- _WHAT TO PRODUCE_
Reproduce every entry exactly.

- _DATA FOR PROCESSING_
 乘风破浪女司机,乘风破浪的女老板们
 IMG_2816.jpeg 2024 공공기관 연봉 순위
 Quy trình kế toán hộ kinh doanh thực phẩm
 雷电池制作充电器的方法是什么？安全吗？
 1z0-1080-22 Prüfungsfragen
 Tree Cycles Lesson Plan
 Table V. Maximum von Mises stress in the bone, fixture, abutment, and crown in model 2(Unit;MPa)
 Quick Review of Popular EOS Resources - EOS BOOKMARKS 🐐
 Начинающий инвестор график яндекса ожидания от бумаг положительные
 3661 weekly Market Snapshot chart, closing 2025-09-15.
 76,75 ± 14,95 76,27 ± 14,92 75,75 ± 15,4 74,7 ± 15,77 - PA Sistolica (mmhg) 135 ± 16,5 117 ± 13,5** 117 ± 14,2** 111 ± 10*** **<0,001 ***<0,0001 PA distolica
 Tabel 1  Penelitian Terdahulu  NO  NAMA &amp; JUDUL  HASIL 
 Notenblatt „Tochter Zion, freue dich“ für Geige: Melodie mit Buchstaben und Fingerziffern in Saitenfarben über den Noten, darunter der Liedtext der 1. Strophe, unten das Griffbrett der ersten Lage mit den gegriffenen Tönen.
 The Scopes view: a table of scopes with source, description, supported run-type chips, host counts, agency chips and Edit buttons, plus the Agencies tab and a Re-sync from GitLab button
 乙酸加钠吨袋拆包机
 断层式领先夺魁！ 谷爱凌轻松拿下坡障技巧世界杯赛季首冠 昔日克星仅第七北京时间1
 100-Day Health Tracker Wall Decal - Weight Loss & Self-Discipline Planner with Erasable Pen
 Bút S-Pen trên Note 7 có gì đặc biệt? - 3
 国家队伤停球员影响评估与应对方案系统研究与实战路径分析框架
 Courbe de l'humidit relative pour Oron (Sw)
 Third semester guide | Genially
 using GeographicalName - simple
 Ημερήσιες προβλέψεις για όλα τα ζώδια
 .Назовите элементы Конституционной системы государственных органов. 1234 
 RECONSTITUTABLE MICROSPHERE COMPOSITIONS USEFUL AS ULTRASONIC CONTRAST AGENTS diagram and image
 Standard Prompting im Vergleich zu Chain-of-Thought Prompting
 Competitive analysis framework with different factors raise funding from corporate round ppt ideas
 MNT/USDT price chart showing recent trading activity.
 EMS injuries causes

- _ANSWER_
 乘风破浪女司机,乘风破浪的女老板们
 IMG_2816.jpeg 2024 공공기관 연봉 순위
 Quy trình kế toán hộ kinh doanh thực phẩm
 雷电池制作充电器的方法是什么？安全吗？
 1z0-1080-22 Prüfungsfragen
 Tree Cycles Lesson Plan
 Table V. Maximum von Mises stress in the bone, fixture, abutment, and crown in model 2(Unit;MPa)
 Quick Review of Popular EOS Resources - EOS BOOKMARKS 🐐
 Начинающий инвестор график яндекса ожидания от бумаг положительные
 3661 weekly Market Snapshot chart, closing 2025-09-15.
 76,75 ± 14,95 76,27 ± 14,92 75,75 ± 15,4 74,7 ± 15,77 - PA Sistolica (mmhg) 135 ± 16,5 117 ± 13,5** 117 ± 14,2** 111 ± 10*** **<0,001 ***<0,0001 PA distolica
 Tabel 1  Penelitian Terdahulu  NO  NAMA &amp; JUDUL  HASIL 
 Notenblatt „Tochter Zion, freue dich“ für Geige: Melodie mit Buchstaben und Fingerziffern in Saitenfarben über den Noten, darunter der Liedtext der 1. Strophe, unten das Griffbrett der ersten Lage mit den gegriffenen Tönen.
 The Scopes view: a table of scopes with source, description, supported run-type chips, host counts, agency chips and Edit buttons, plus the Agencies tab and a Re-sync from GitLab button
 乙酸加钠吨袋拆包机
 断层式领先夺魁！ 谷爱凌轻松拿下坡障技巧世界杯赛季首冠 昔日克星仅第七北京时间1
 100-Day Health Tracker Wall Decal - Weight Loss & Self-Discipline Planner with Erasable Pen
 Bút S-Pen trên Note 7 có gì đặc biệt? - 3
 国家队伤停球员影响评估与应对方案系统研究与实战路径分析框架
 Courbe de l'humidit relative pour Oron (Sw)
 Third semester guide | Genially
 using GeographicalName - simple
 Ημερήσιες προβλέψεις για όλα τα ζώδια
 .Назовите элементы Конституционной системы государственных органов. 1234 
 RECONSTITUTABLE MICROSPHERE COMPOSITIONS USEFUL AS ULTRASONIC CONTRAST AGENTS diagram and image
 Standard Prompting im Vergleich zu Chain-of-Thought Prompting
 Competitive analysis framework with different factors raise funding from corporate round ppt ideas
 MNT/USDT price chart showing recent trading activity.
 EMS injuries causes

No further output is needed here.